After that night the days became warm, sunny and beautiful, so for the next few months I didn't even think about a fire. Then last week the weather turned nasty, I was working from home, I had suffered through a rough morning involving my dishwasher and a lot of water on the floor and I thought to myself wouldn't it be nice to sit by a roaring fire with a cup of coffee to work. I decided I could do this, I could start a fire. So I moved the screen away and there sat the logs from last spring that I couldn't get to burn. (yes that's right I had thought so little about a fire I hadn't even cleaned out the fireplace.) So my first thought was, those have got to be dry enough to burn now.  I grabbed the last two fire-starters, a little newspaper and some kindling. I carefully read the instructions on the fire-starters, I built the fire accordingly and struck the match. This time instead of a whoosh! two slow flames began burning, the paper caught and then the kindling began to burn. The crackling, the warmth it was perfect. I watched for about 10 minutes then went to the kitchen to make a some coffee. When I returned to the basement my face dropped in disappointment. No flames, no crackling, just a few smoldering pieces of wood. AGGGGHHHHH! This fire was not going to get the best of me. I gathered more newspaper, some sticks the kids had collected and set to work. I was going to have a fire! Half a box of matches, every old school paper I could find and an hour later I still had no fire. I took a deep breathe, walked upstairs to fix my cup of coffee(someday I'll tell you why that didn't help my mood). I was done.

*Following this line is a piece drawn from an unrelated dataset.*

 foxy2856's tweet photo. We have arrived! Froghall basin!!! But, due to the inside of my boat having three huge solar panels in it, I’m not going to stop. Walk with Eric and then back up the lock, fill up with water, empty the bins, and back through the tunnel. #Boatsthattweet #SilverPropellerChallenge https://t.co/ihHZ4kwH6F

I  gave up on a fire for that day but that didn't stop me from wanting one again. Last night on the way home from the kids' martial arts class I couldn't help but want to try again. I stopped at the store, grabbed some more fire-starters (and a little wine I figured I could enjoy it by the fire  or use it to calm my nerves) and we headed home. It only took me two tries and last night this is what I had:
Have I finally learned the proper technique for building a fire, maybe. But it sure was nice to have a little success last night.